Y tampoco sería malo desde otro punto de vista, es decir, desde la construcción social de un actor colectivo que toda obra de arte pop entraña. Así, si uno experimenta el arte tradicional contemplándolo a distancia, en donde el receptor de ese tipo de arte experimenta un sentido renovado de su individualidad, la "experiencia del pop art es, en cambio, la del yo como ser social" (p. 67). Es decir, estamos en presencia de un arte cuya recepción es consumida por una colectividad en estado de distracción.
Por todo esto Waters nos habla en su artículo de cierta capacidad redentora y mesiánica que tendría el pop art: "El pop deja aparecer en nosotros un sentido de nuestros yoes como yoes sociales que no han determinado qué papeles interpretar. El pop, al resistir el ataque de nuestras mentes controladoras, nos libera de las fantasías de control total ... El arte nos libera del ser social institucionalizado y nos convierte en un ser desinstitucionalizado libre de nuevas combinaciones." (p. 70).
Si al artículo de Reynolds lo podríamos fácilmente relacionar con la escuela subculturalista inglesa, el de Waters encuadraría perfectamente en lo que se dio en llamar "cultural populism" dentro de la tradición de la escuela de Birmingham. De acuerdo a este "populismo cultural", habría que celebrar más que criticar los productos de la cultura comercial. Es lo que hace, por ejemplo, John Fiske en relación a Madonna, al sostener que la diva ofrecería a sus fans su propia versión de crítica ideológica feminista, al cuestionar "las oposiciones binarias como forma de conceptualizar a la mujer" (Fiske 1987, p. 275). Esta vertiente de la escuela de estudios culturales inglesas reconoce una deuda importante con los trabajos de Roland Barthes, quien, en sus últimos escritos, estaba convencido de que los textos marcadamente polisémicos son capaces de generar placeres particularmente intensos y liberadores. Una crítica importante que se le ha hecho a esta posición (y que bien le cabe al artículo de Waters) es que se olvida de fenómenos tales como la cooptación y la construcción de hegemonía via los productos culturales masivos. También a través de los productos culturales comerciales se ofrecen posiciones de sujeto que son funcionales a los intereses de los actores hegemónicos.

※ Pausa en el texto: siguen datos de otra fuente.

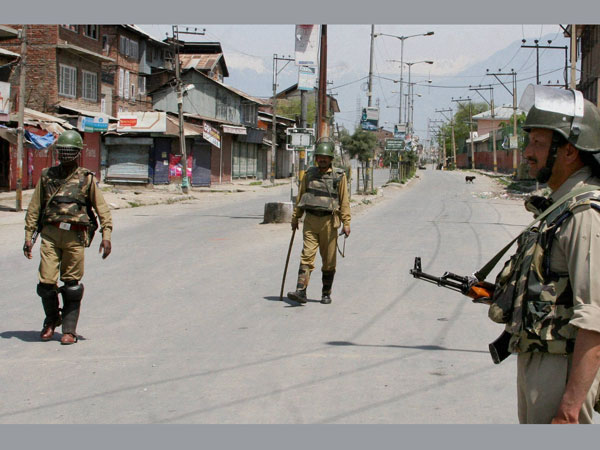 Srinagar curfew continues for third day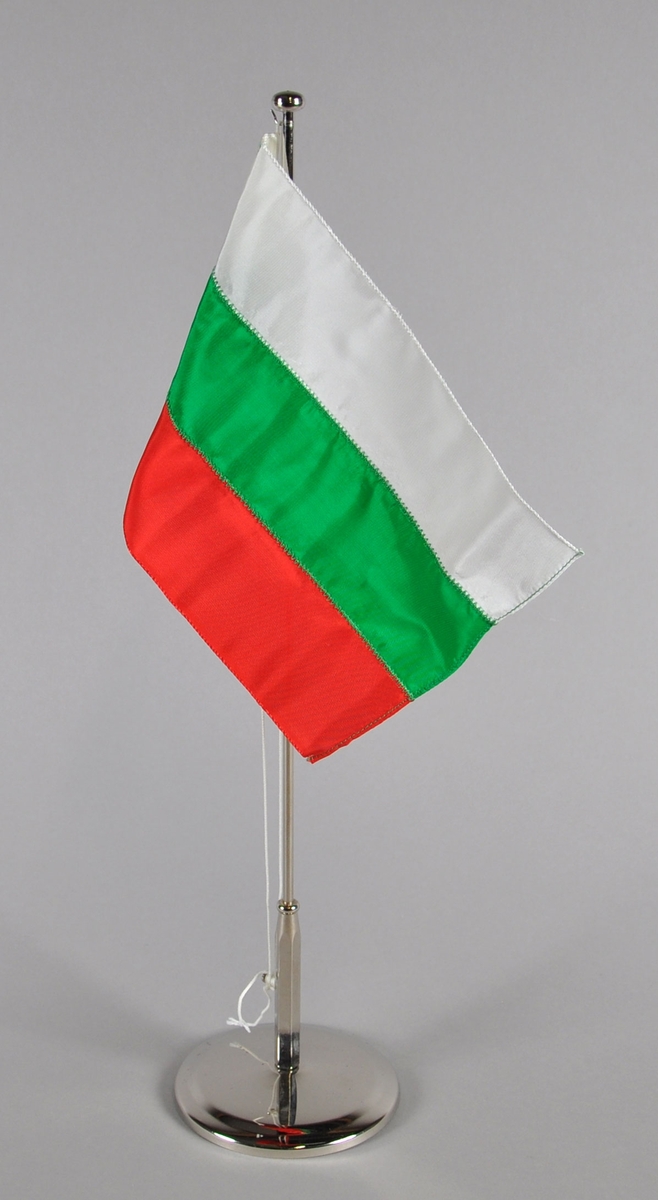 Bordflagg på stang fra Bulgaria. Tre horisontale striper i hvitt, grønt og rødt.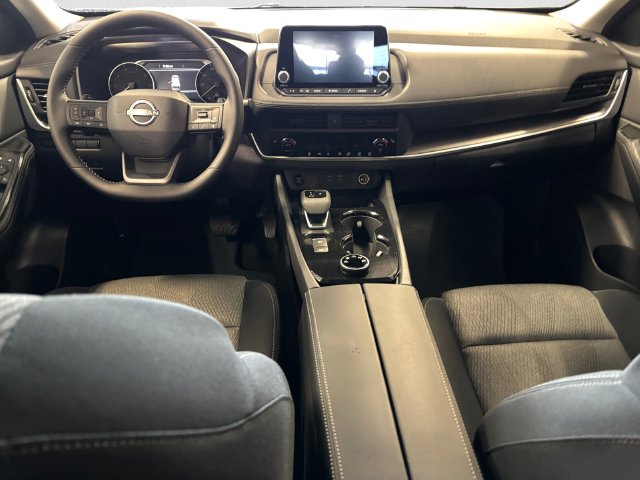 2026 Nissan Rogue SV - Photo 11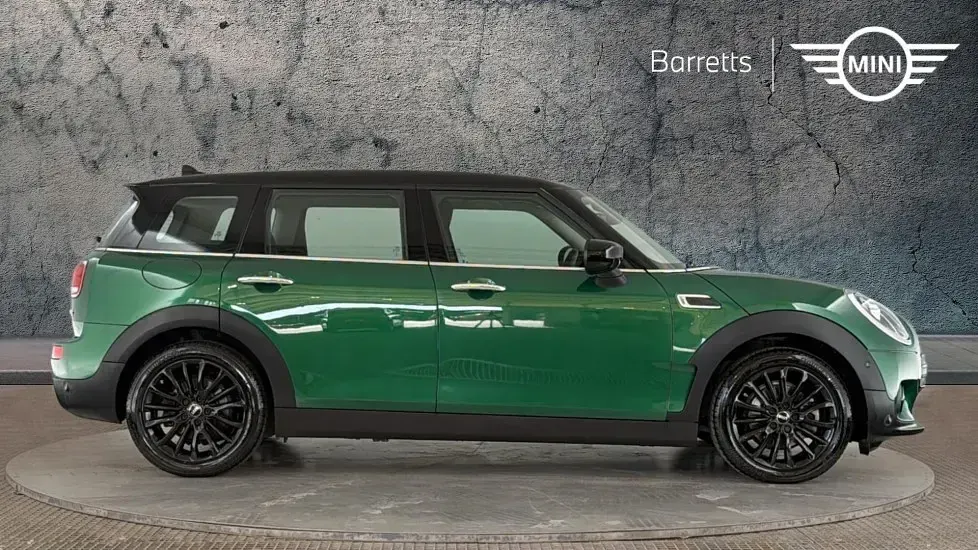 Used Mini Cooper Clubman Classic 134 HP (98 kW) 2019 Green Estate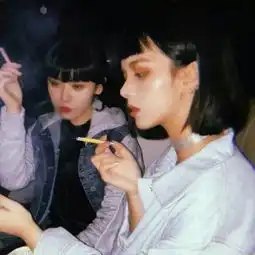 黑暗丧风格女头像抽烟黑暗系网图女生头像真人版
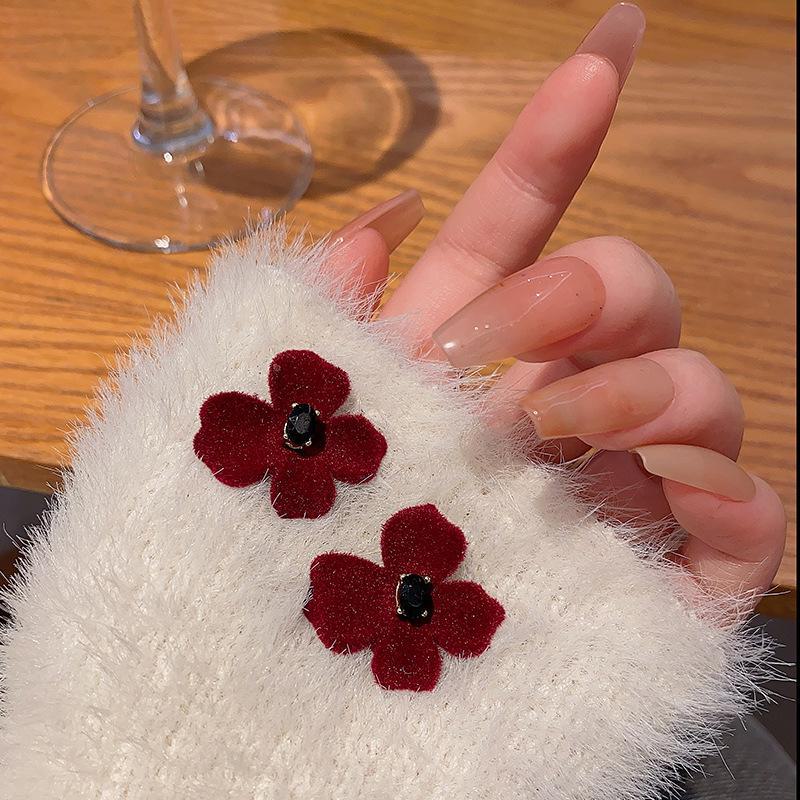 Уникальные серьги осень/зима 2024 года с цветочным узором из циркония и иглой из серебра 925 пробы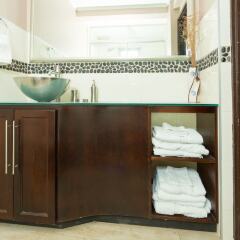 Апартаменты New Kingston CA Guest Apartment VI ванная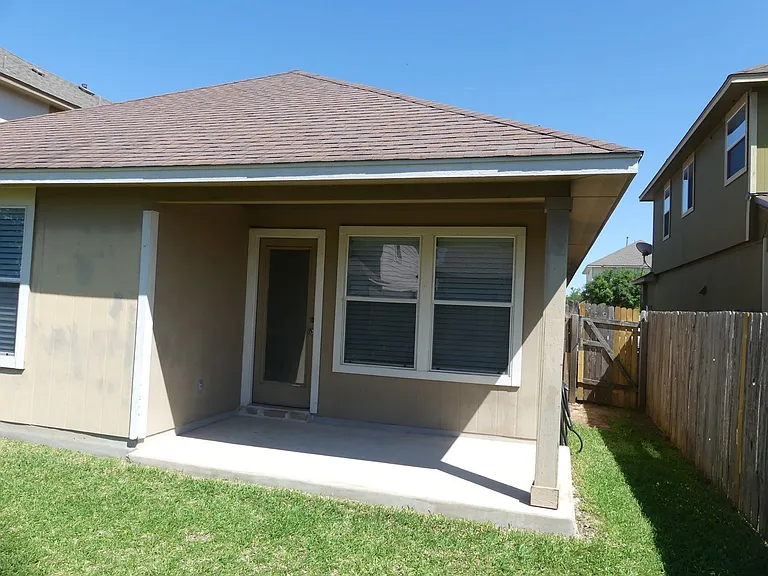 235 Hay Barn St — Photo 12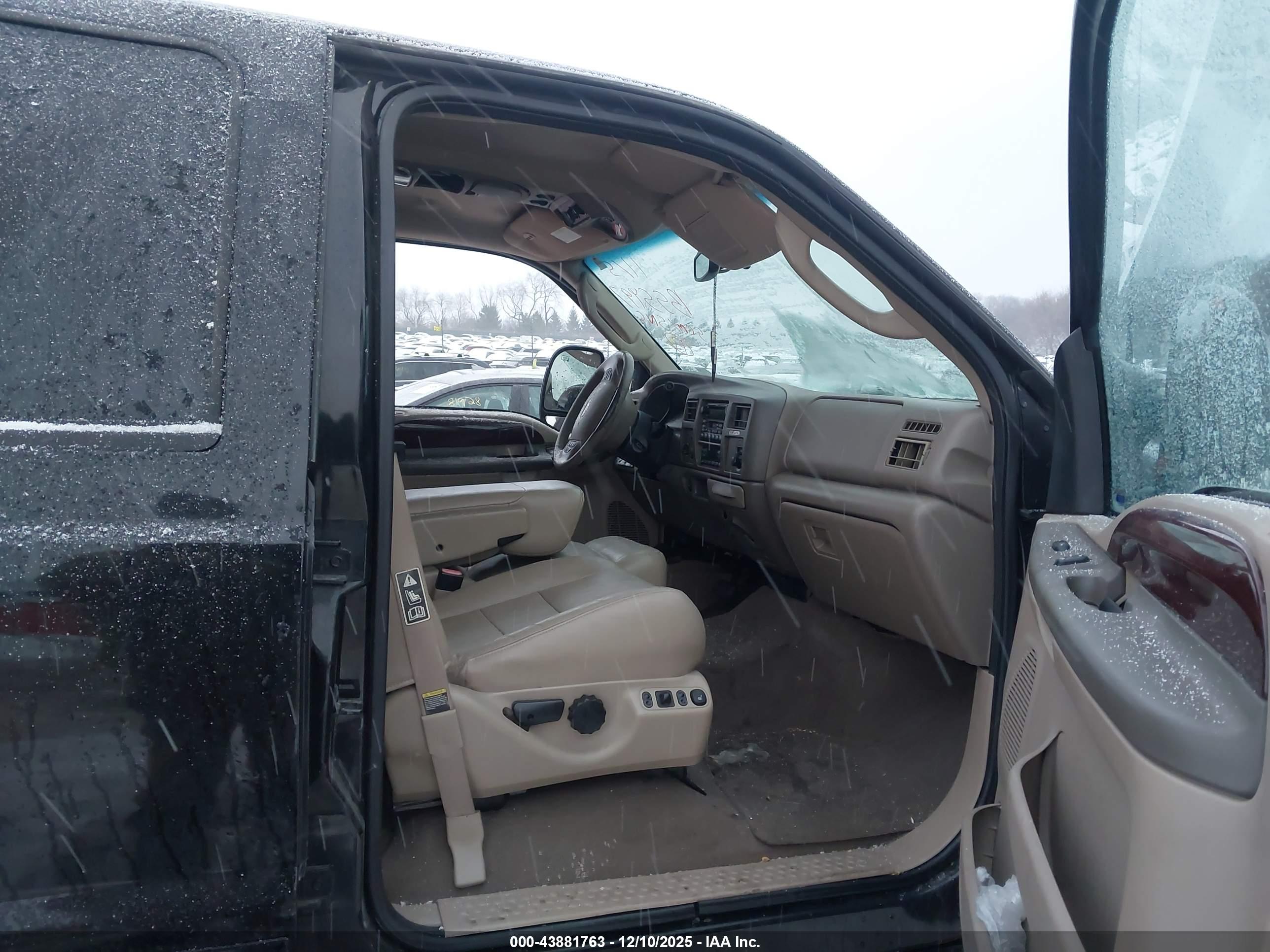 FORD EXCURSION image 5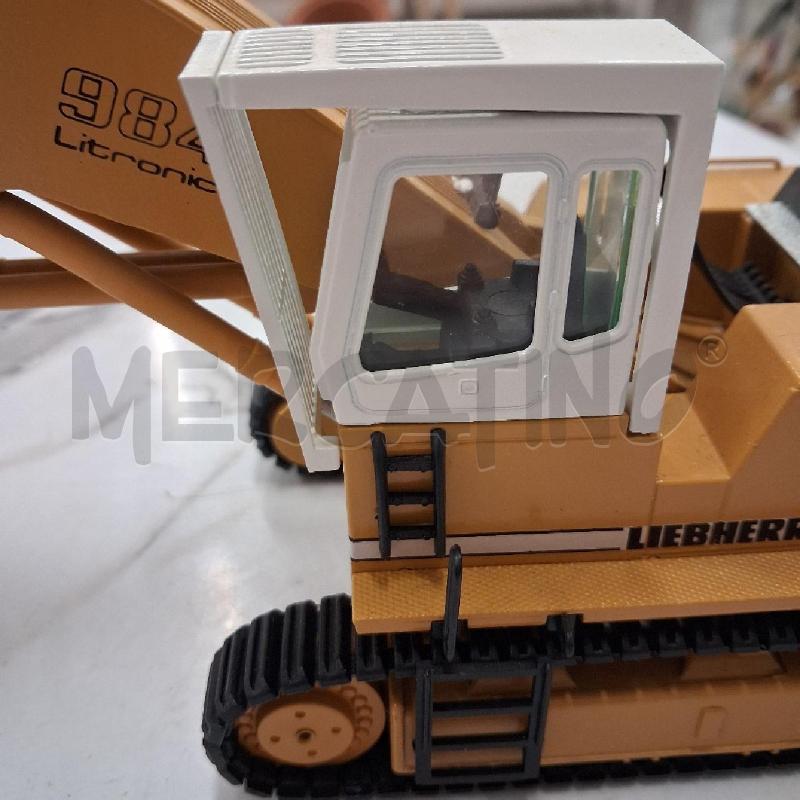 MODELLINO ESCAVATORE 984 GIALLO  | Mercatino dell'Usato San giorgio del sannio 5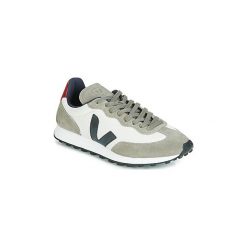 Buty Veja RIOBRANCO. Białe trampki męskie Veja, bez wzorów, bez zapięcia. Za 499,00 zł.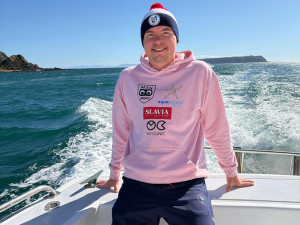 Český plavec a trenér z Aquapalace Praha Jakub Kačerovský pokořil Cookovu úžinu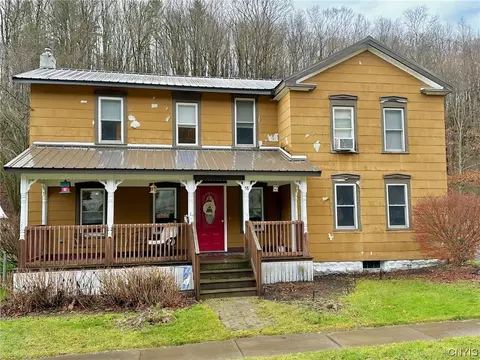 58 North St, Cortlandville, NY 13101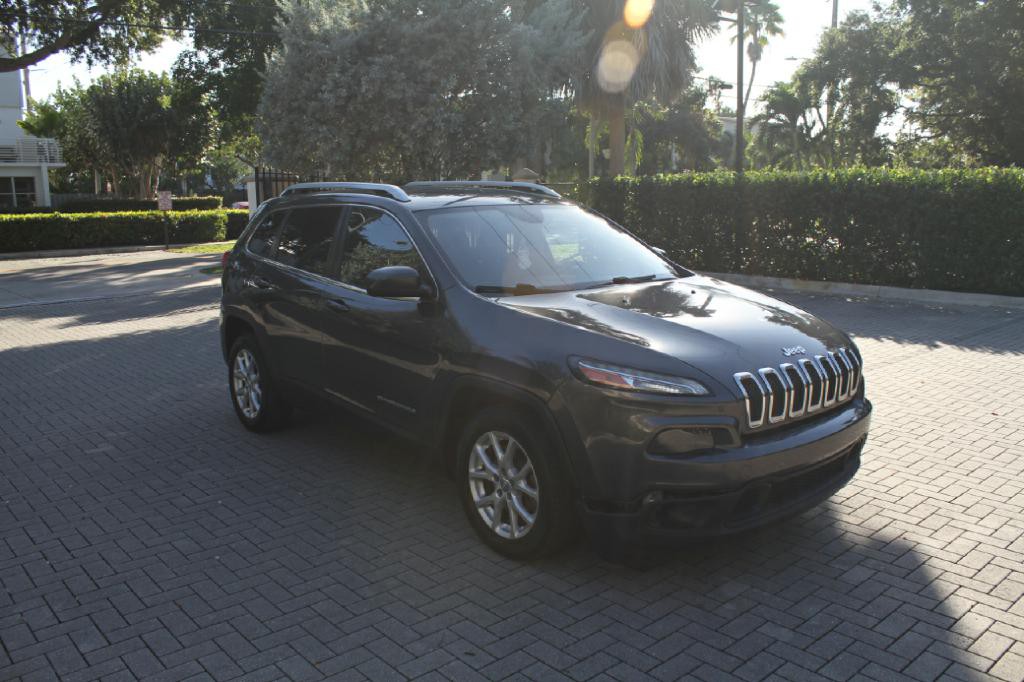 2015 Jeep Cherokee Image 4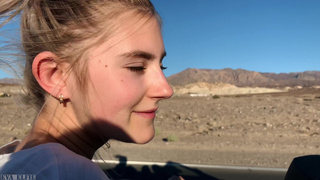 Русская туристка отсосала хуй в кабриолете и была выебана по пути в Лас Вегас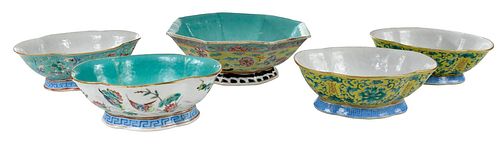 FIVE CHINESE ENAMELED PORCELAIN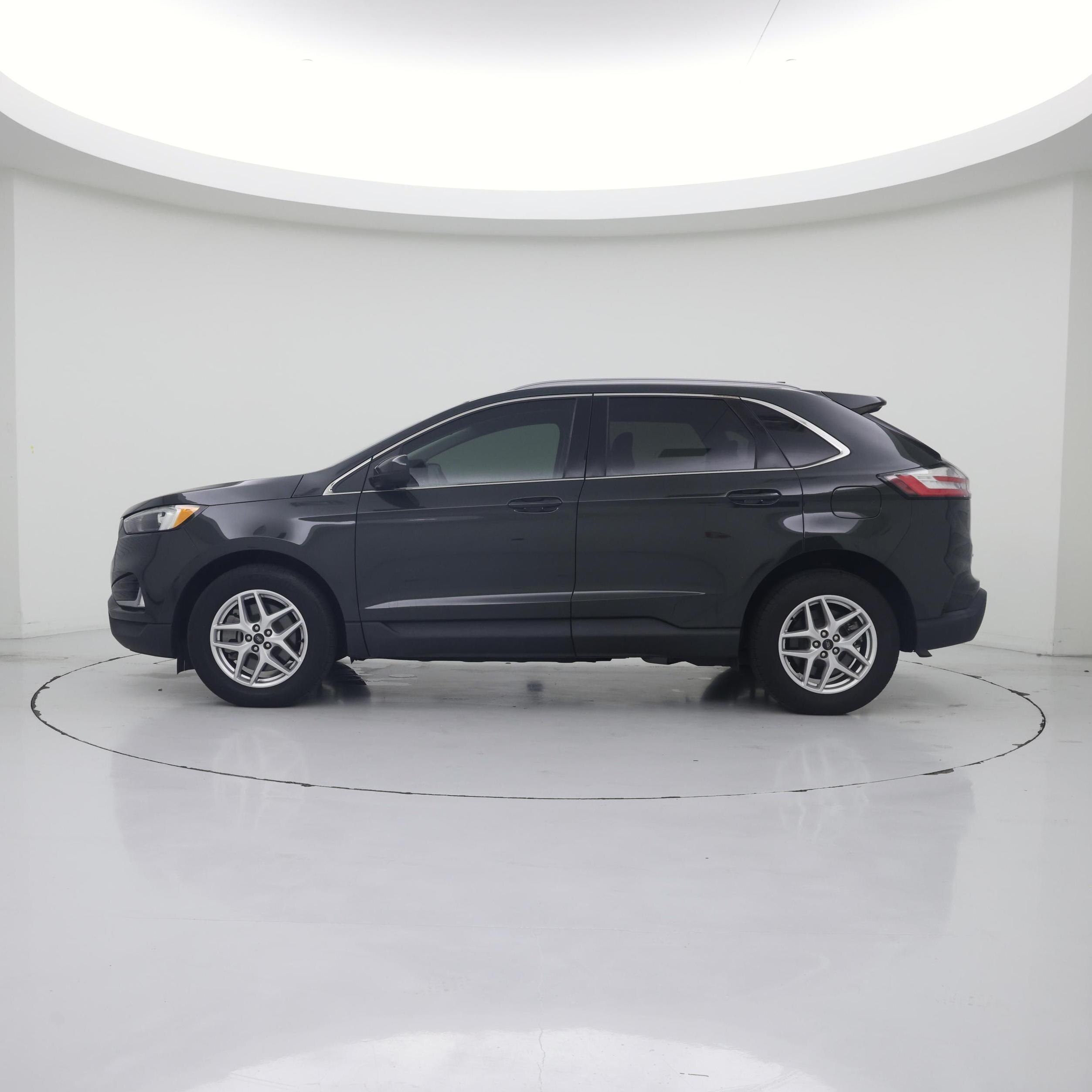 Thumbnail: 2024 Ford Edge - 3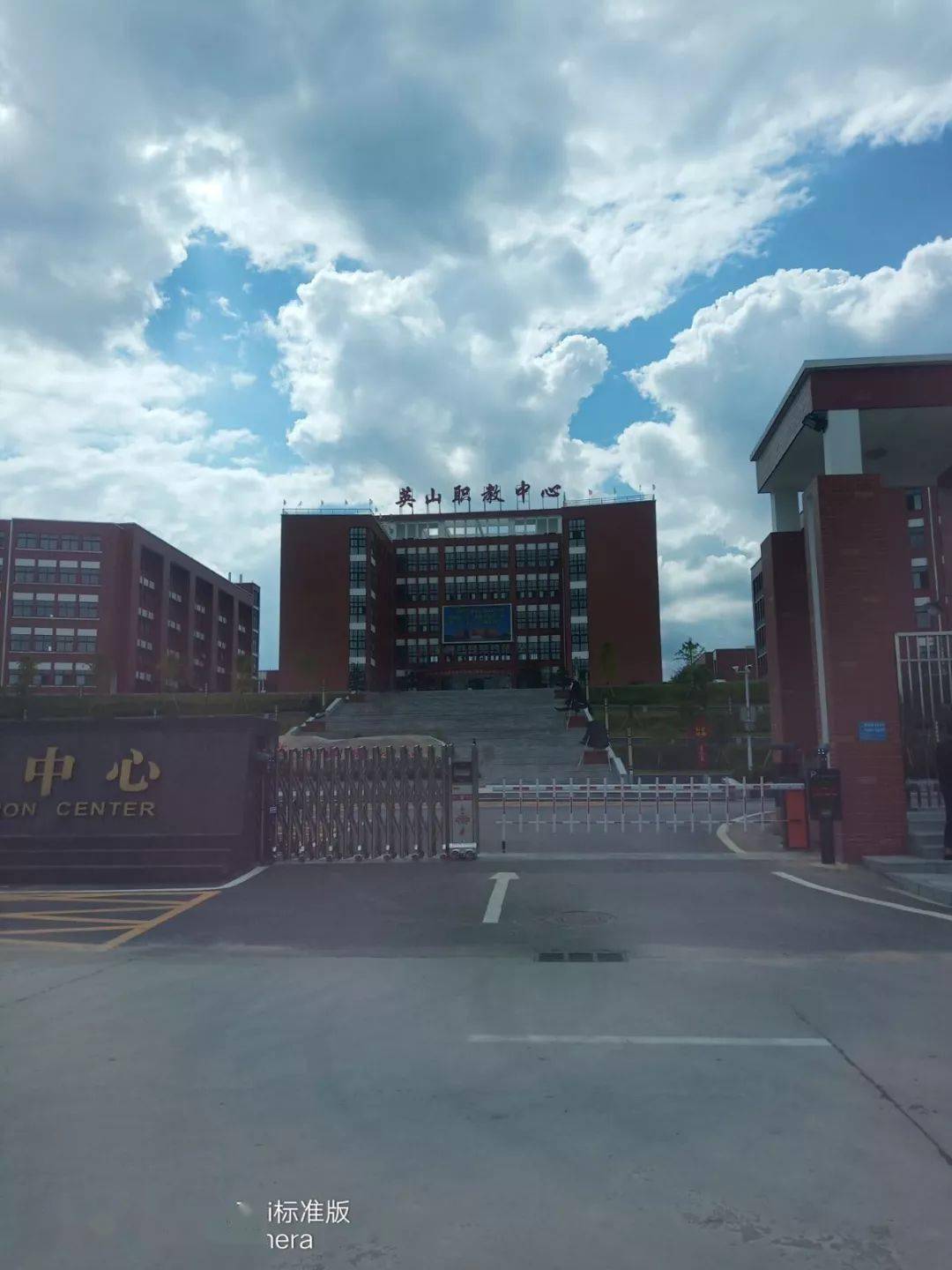榜上有名英山职教中心值得骄傲的是湖北省一共有49所学校上榜以下为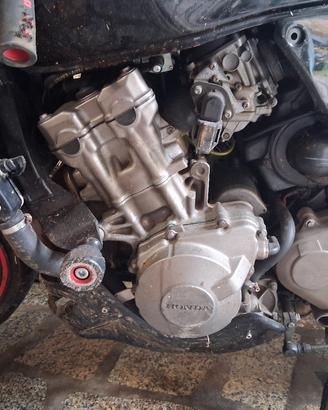 motore e doppio scarico hornet 600 2002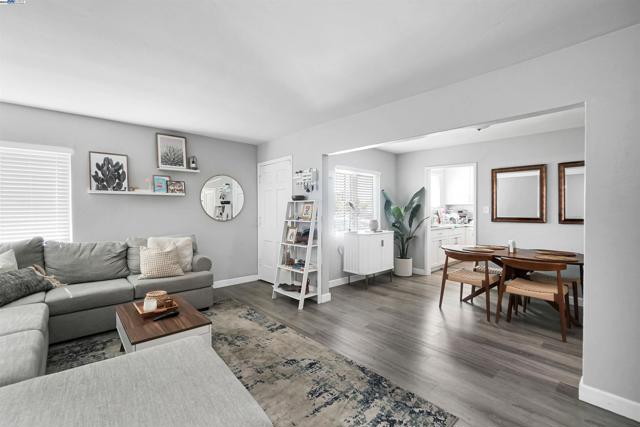 21926 Victory Dr, Hayward CA: https://media.crmls.org/mediaz/8bed2235-0737-4165-80b9-b29f8e695470.jpg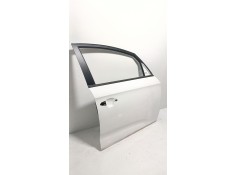 Recambio de puerta delantera derecha para kia carens iv 1.7 crdi referencia OEM IAM    2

Una preocupación que me surge del artículo de Waters tiene que ver con su exaltación de la "distracción" como posibilidad de acceder a significados más profundos y liberadores. Y me preocupa a partir del trabajo de Cornelius Castoriadis y su planteo de que lo que precisamente caracteriza a la sociedad de masas es la "muerte por distracción". Así, Castoriadis nos plantea que el individuo moderno vive escapándole continuamente al conocimiento de que no sólo se va a morir, sino de que nada de lo que haga tiene el más mínimo sentido. De ahí que se dedique a correr, hacer jogging, comprar en el supermercado, pasar de canal en canal con el control remoto de la televisión, etc., es decir, se distrae a sí mismo. Esto, de acuerdo a Castoriadis, "es muerte por distracción, muerte por mirar una pantalla en donde cosas que uno no vive y no puede vivir pasan continuamente" (Castoriadis 1997, p. 93). De ahí que me parece que al menos Walters debería haber considerado esta otra posibilidad en relación a la "distracción".
El muy buen artículo de Andrew Ross es un ejemplo de como los fenómenos de identificación a través de la música se enriquecen cuando también se los mira desde el ángulo de la economía política. Ross plantea que "Los cambios en la economía del Caribe son tan relevantes hoy para la forma que adquiere la música jamaicana como lo fueron aquellos extraordinarios años del ska y del rocksteady, posteriores a la independencia ... la influencia de las iniciativas económicas de los Estados Unidos ha sido fundamental en el último quinquenio ... Ningún análisis de los cambios en el paradigma musical reinante será completo si no se considera esta pérdida masiva de soberanía efectiva de un pueblo cuya 'marcha hacia adelante' desde el colonialismo duró un breve período de dieciséis años y acabó cuando Jamaica se convirtió en el caso de estudio de la nueva política de 'reajuste estructural' del Fondo Monetario Internacional" (pp. 81-82).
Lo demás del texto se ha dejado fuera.